◆ DIRECTIONS
Restate the following records word for word without images.

BEGIN DATASET CONTENT

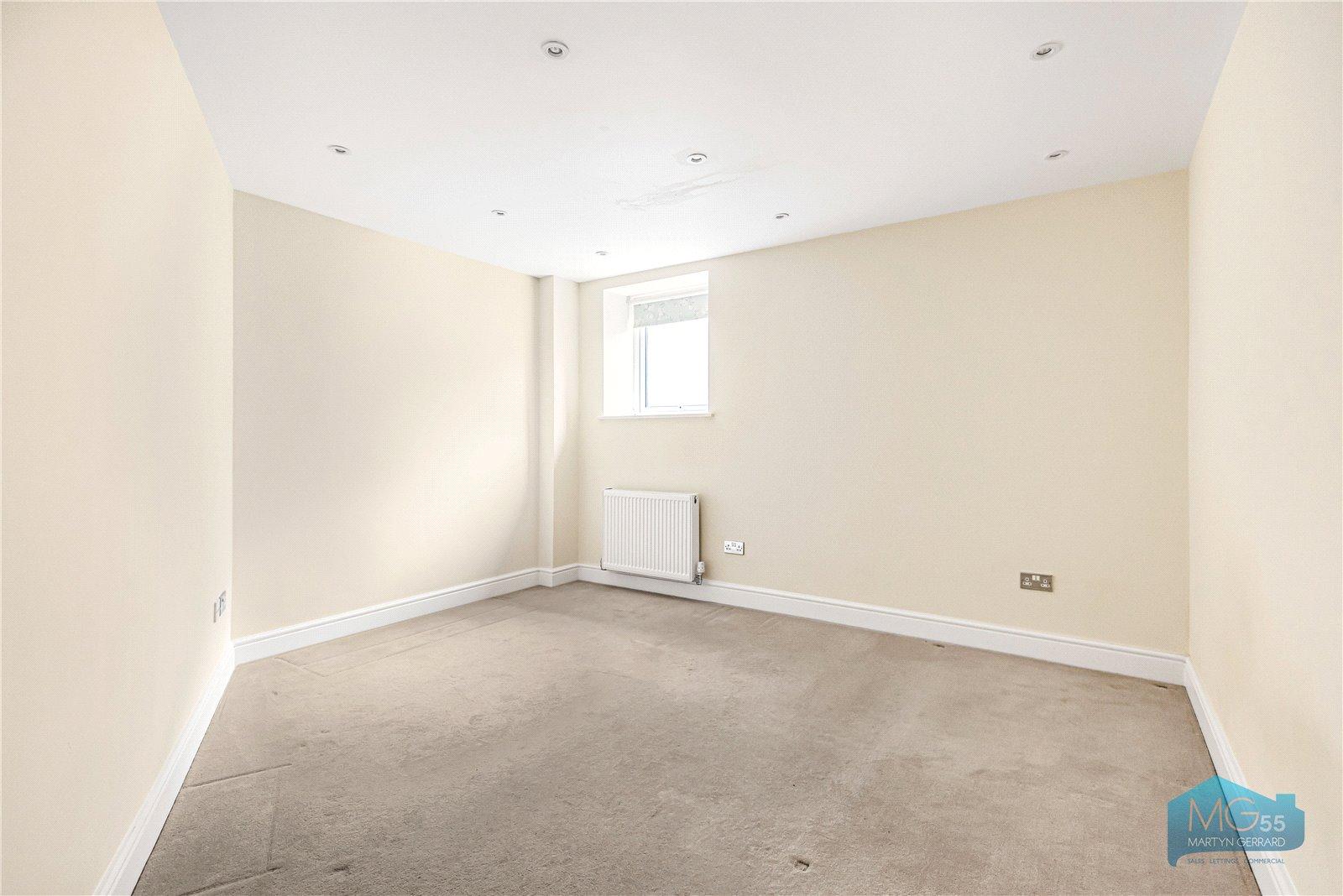 2 bedroom Apartment to rent - Martyn Gerrard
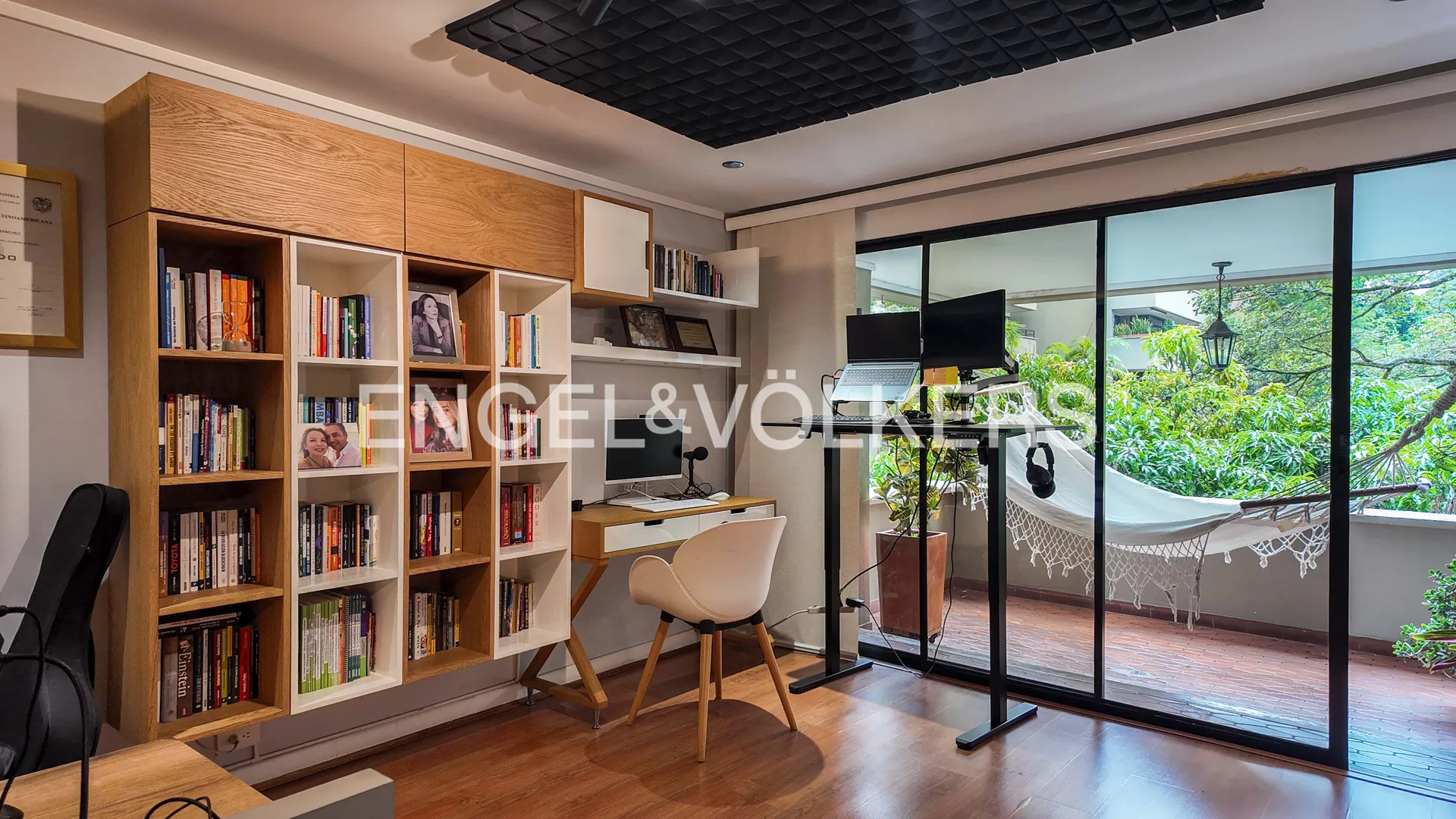 Apartamento en arriendo en Provenza, Medellín · foto 8 de 16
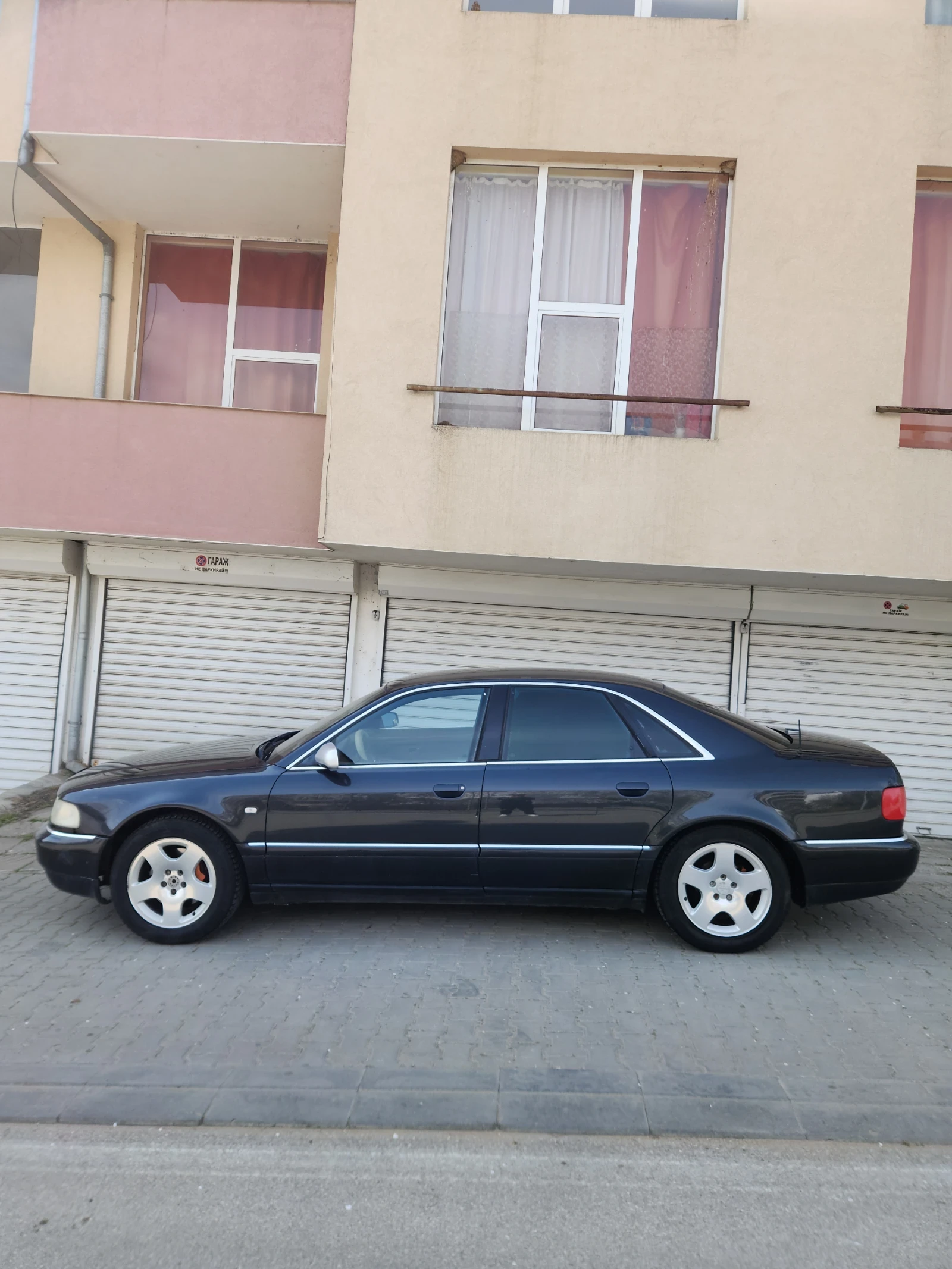 Audi A8 Газ-бензин , снимка 5 - Автомобили и джипове - 54106470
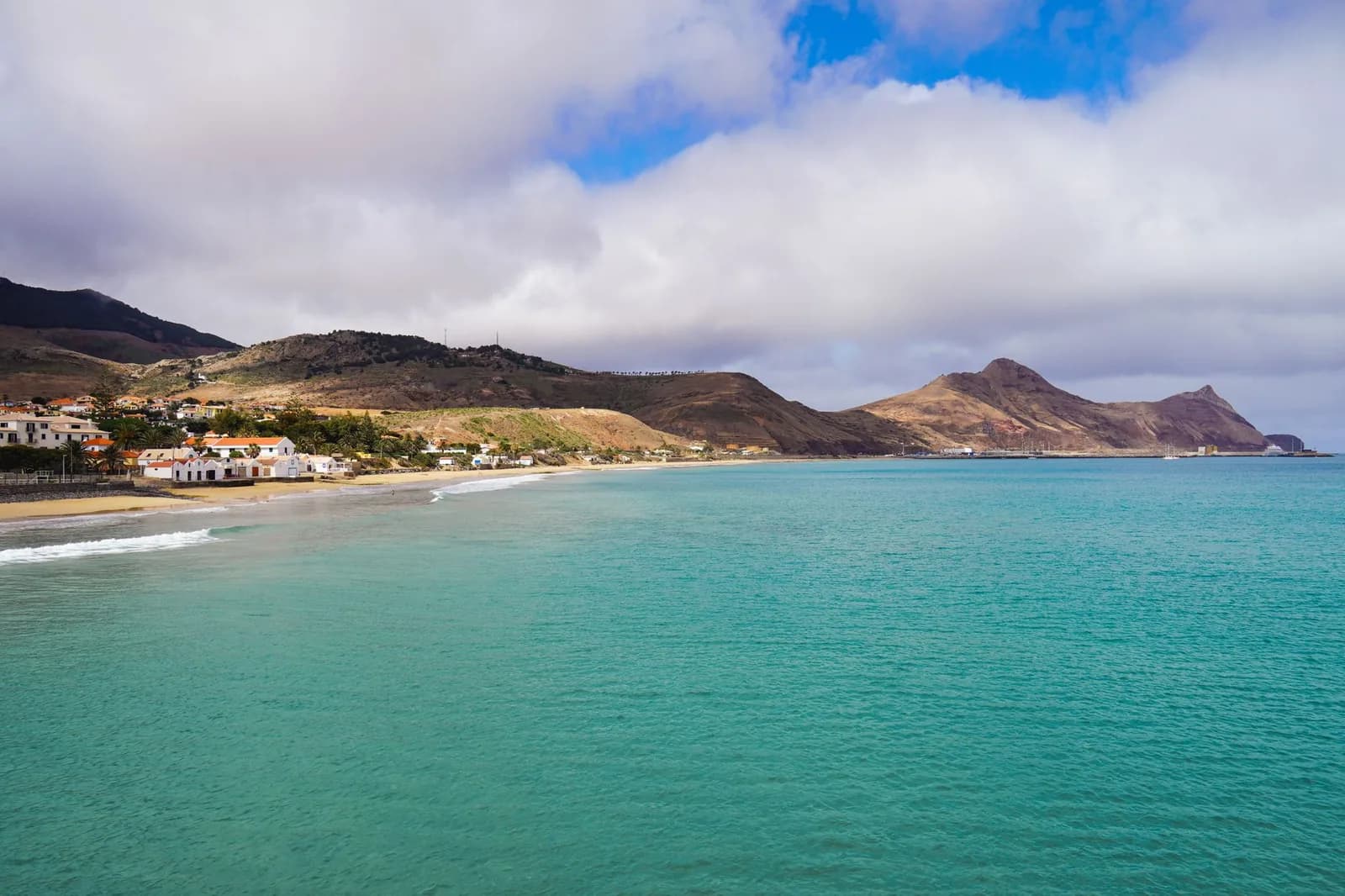 Longue plage de sable doré de Porto Santo, près de Madère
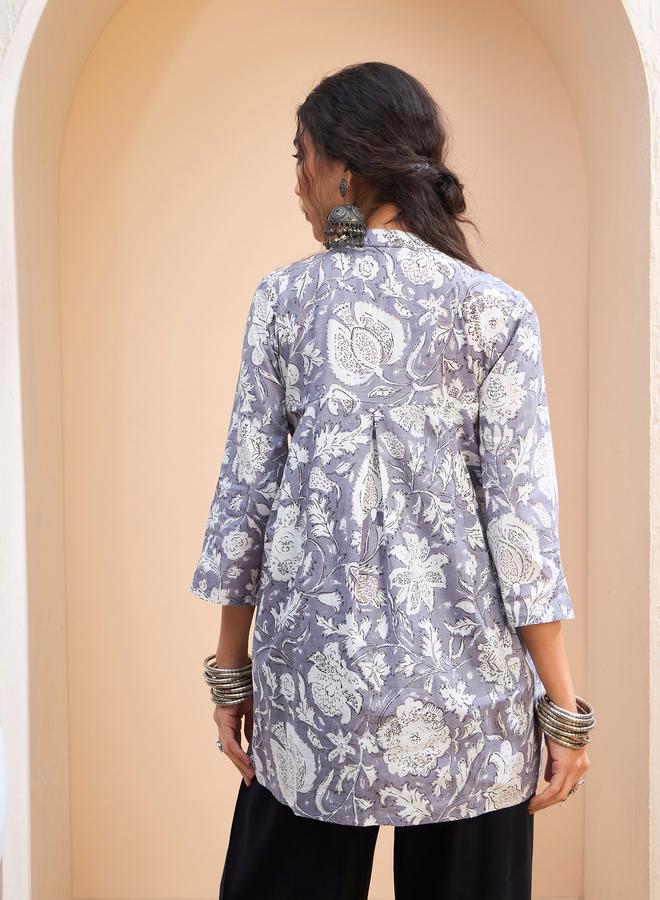 ساسافراس كورتي ساسافراس رمادي بنقوش زهور قطنية بربطة أمامية - Image 5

END DATASET CONTENT

◆ SOLUTION FOR THIS PROBLEM
 2 bedroom Apartment to rent - Martyn Gerrard
 Apartamento en arriendo en Provenza, Medellín · foto 8 de 16
 Audi A8 Газ-бензин , снимка 5 - Автомобили и джипове - 54106470
 Longue plage de sable doré de Porto Santo, près de Madère
 ساسافراس كورتي ساسافراس رمادي بنقوش زهور قطنية بربطة أمامية - Image 5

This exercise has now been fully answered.